== TASK DIRECTIONS ==
Find the line below with "בית נופש Katerina's House *" and the line with "Holiday home Crooked Well *". Output them and the lines between, exactly, but not the pictures.

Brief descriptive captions
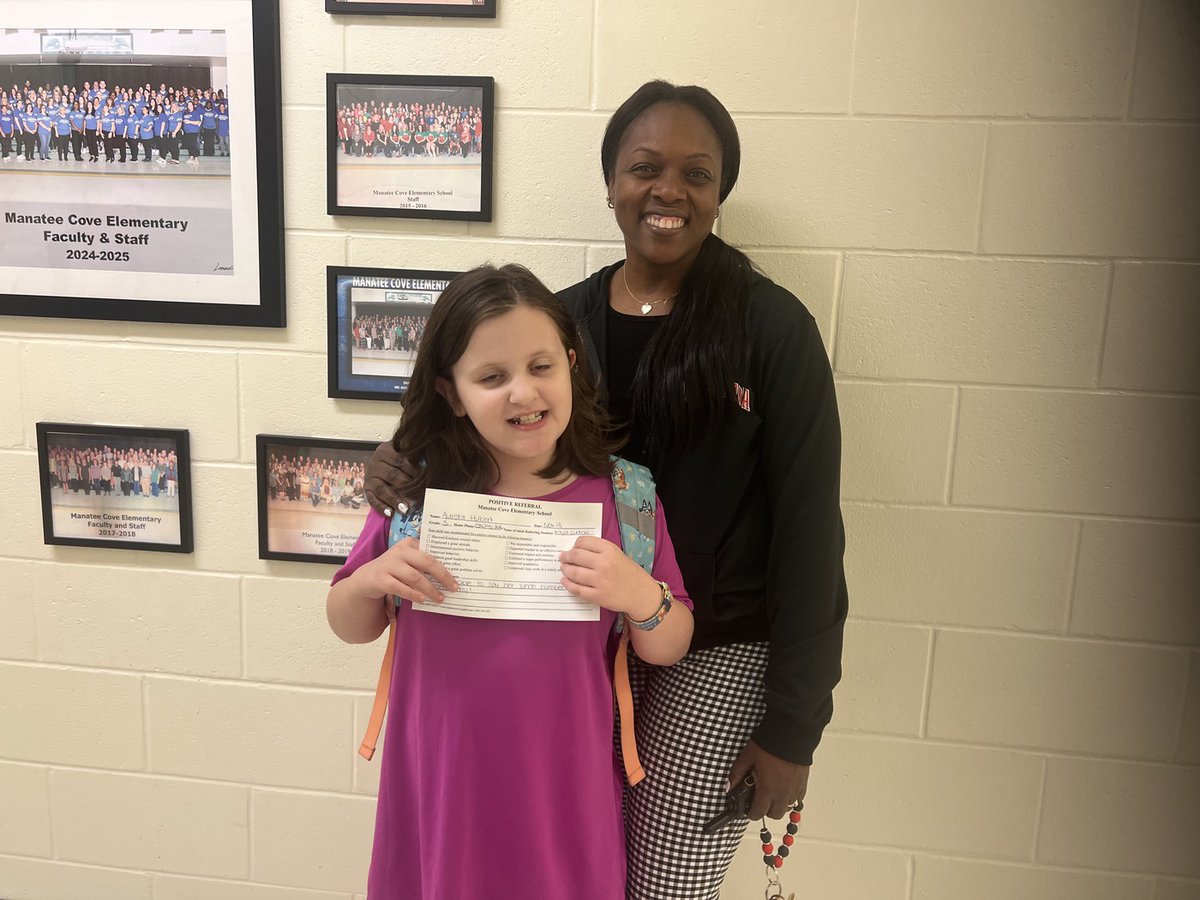 We are so proud of our students who earned a positive referral today!
Thank you for showing kindness, responsibility, and great leadership. Keep up the amazing work!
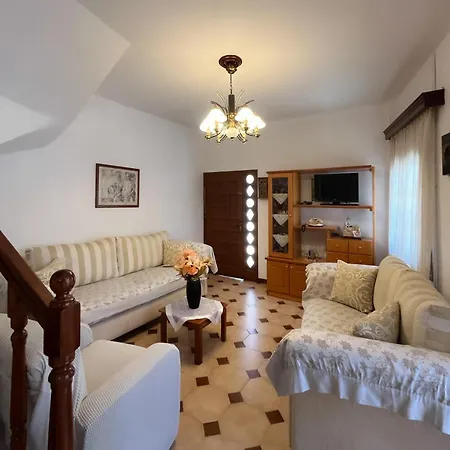 בית נופש Katerina's House *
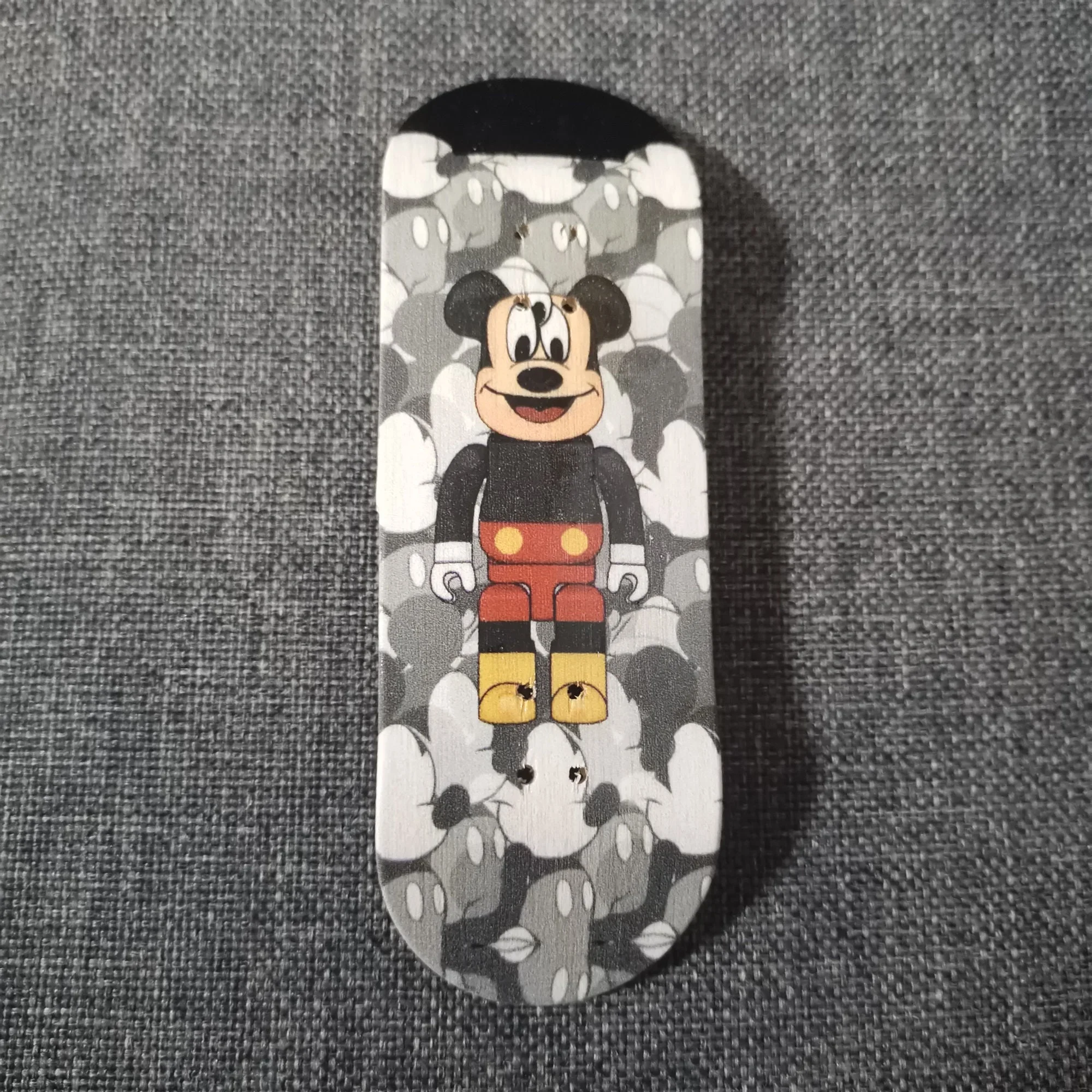 Planche Finger Skate Mickey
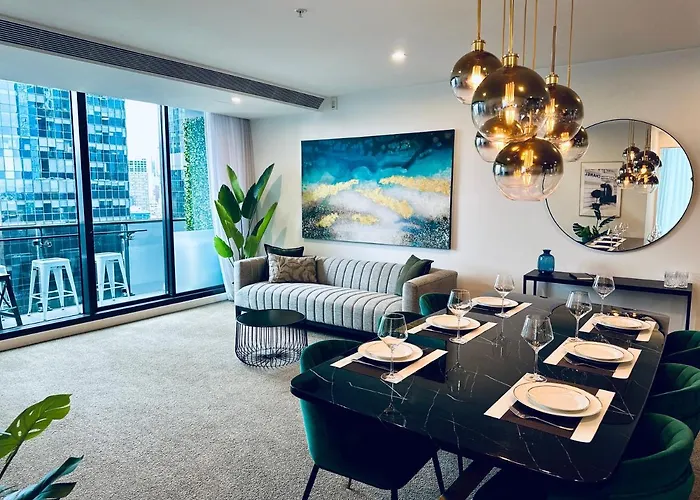 Stylish Southbank Apartment Plus Free Parking For 2 Cars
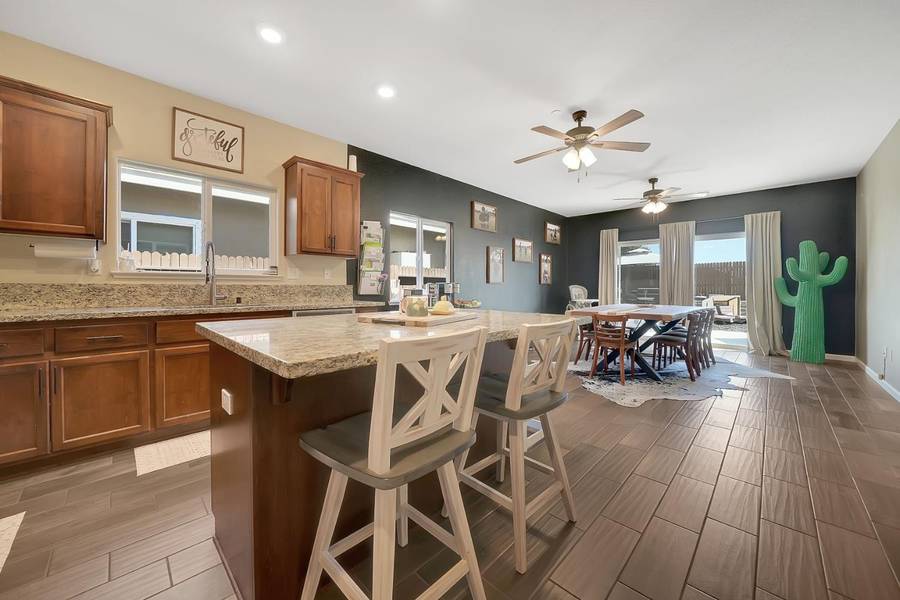 410 Laurel CT, Ione, CA 95640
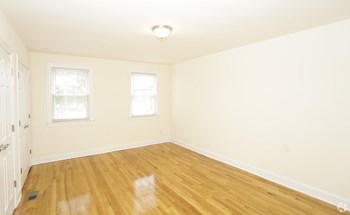17-33 Madison Ave. 2 Beds Apartment, Townhouse for Rent - Photo Gallery 6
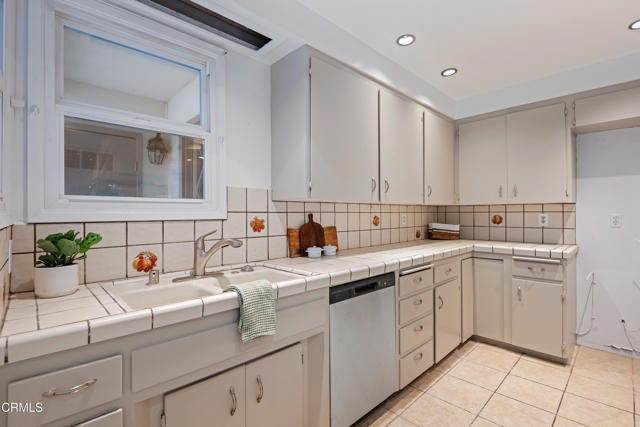 MLS #V1-32410 image #9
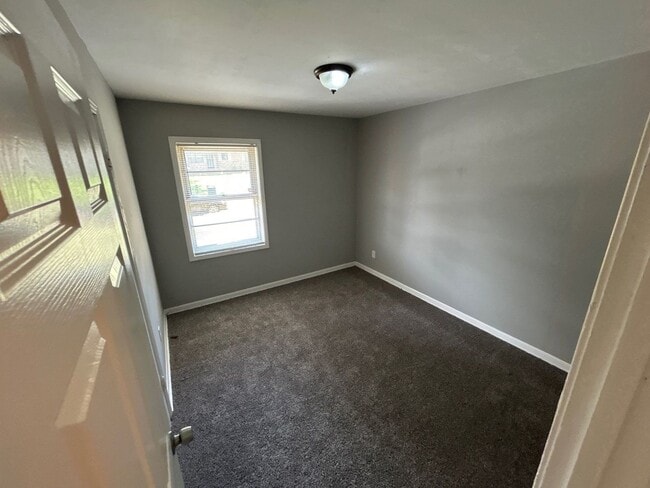 Photo - 640 Leacrest Ave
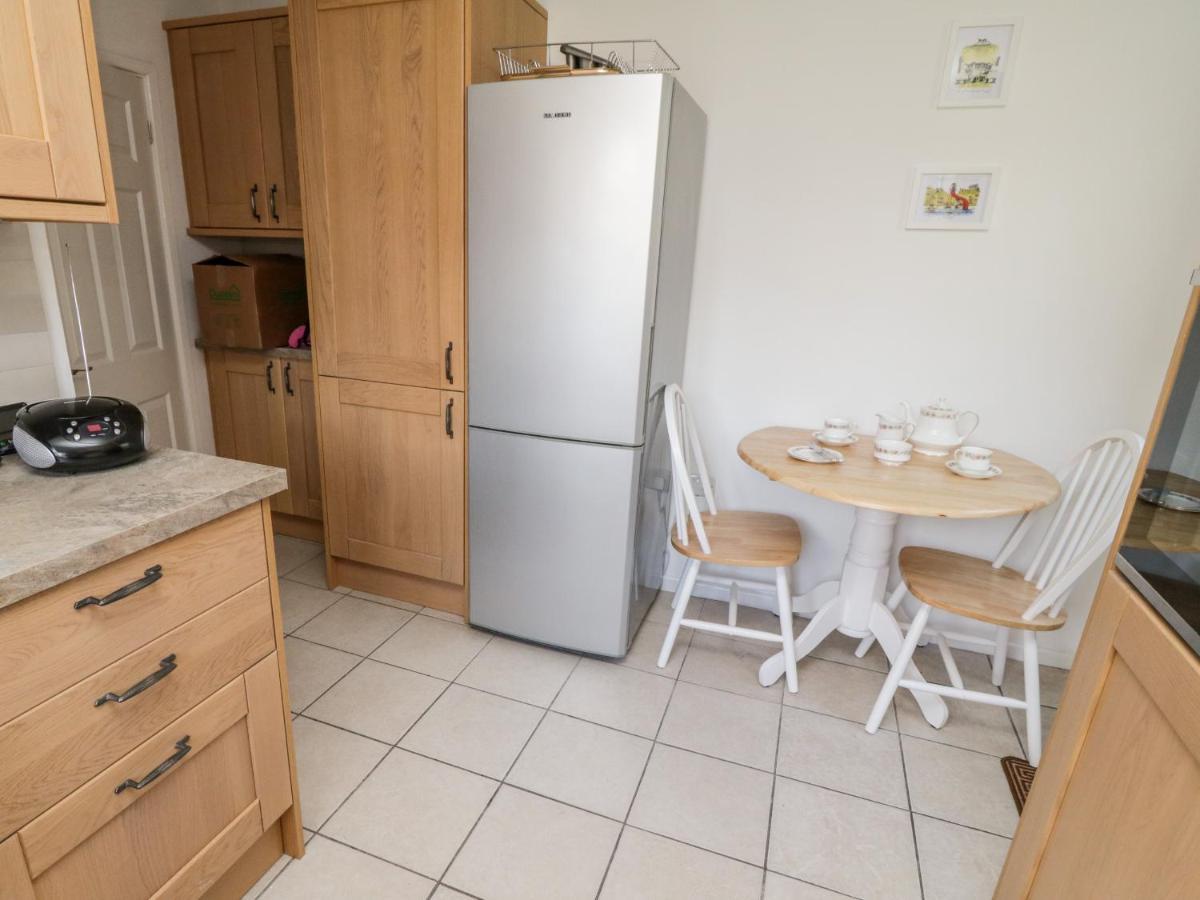 Holiday home Crooked Well *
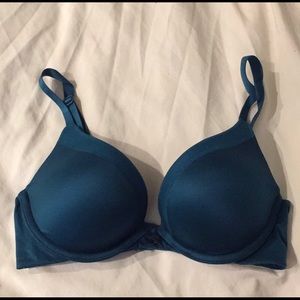 Victoria secret plunge bra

== RESPONSE AREA ==
 בית נופש Katerina's House *
 Planche Finger Skate Mickey
 Stylish Southbank Apartment Plus Free Parking For 2 Cars
 410 Laurel CT, Ione, CA 95640
17-33 Madison Ave. 2 Beds Apartment, Townhouse for Rent - Photo Gallery 6
 MLS #V1-32410 image #9
 Photo - 640 Leacrest Ave
 Holiday home Crooked Well *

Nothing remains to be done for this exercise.